The main recommendations of the workshop can be summarized as follows. We must undertake to capture what we already know about the interaction of information technology, physical spaces, and work effectiveness. We should evolve this critical repository of information as we learn more.
Furthermore, we must undertake extensive occupant-centered studies that investigate, in a quantitative manner, the influence of information and building technologies on individual worker and group worker effectiveness. These studies should span a wide range of worker environments and kinds of work, to place an understanding of worker productivity on a firm scientific foundation.
We should support the development of extensive testbeds that allow controlled experimentation of new technologies and their impact on worker effectiveness. These testbeds should include advanced technologies for communications, sensing and controlling, building services, and so on. We have described two possible testbeds, one communications oriented and the other focused on intelligent building sensing and control. Well designed experiments should be conducted to prove (or disprove) that these technology innovations make workers more effective.
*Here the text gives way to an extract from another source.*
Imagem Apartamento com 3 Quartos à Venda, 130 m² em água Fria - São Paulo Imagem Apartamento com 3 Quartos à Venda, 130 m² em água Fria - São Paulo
Finally, we must build the case studies and perform the economic analyses necessary to convince the building industry of the real economic advantages of increasing a building's capabilities for reconfiguration and integration of new technologies over its lifetime.
We believe that an opportunity exists to build a new interdisciplinary research community at the interface of the disciplines discussed in this workshop report. The development of a repository of design and evaluation case studies, coupled with interdisciplinary evaluations and testbed development, will go a long way towards making this new research community a reality.
A major contribution could be made by this interdisciplinary activity by enabling extensive educational programs in these new technologies and their impact on work effectiveness. The development of an extensive and evolving repository of design studies and evaluations, coupled with comprehensive testbeds in which the new technologies are tested and their effectiveness is demonstrated, could form an effective strategy for informing existing industrial practice by influencing those with the power to make decisions about deploying new technologies in the buildings of tomorrow. Furthermore, such an evolving archive of knowledge and experience will enable the training of whole new generations of information and building technology developers and facilities managers who will use these technologies in future buildings.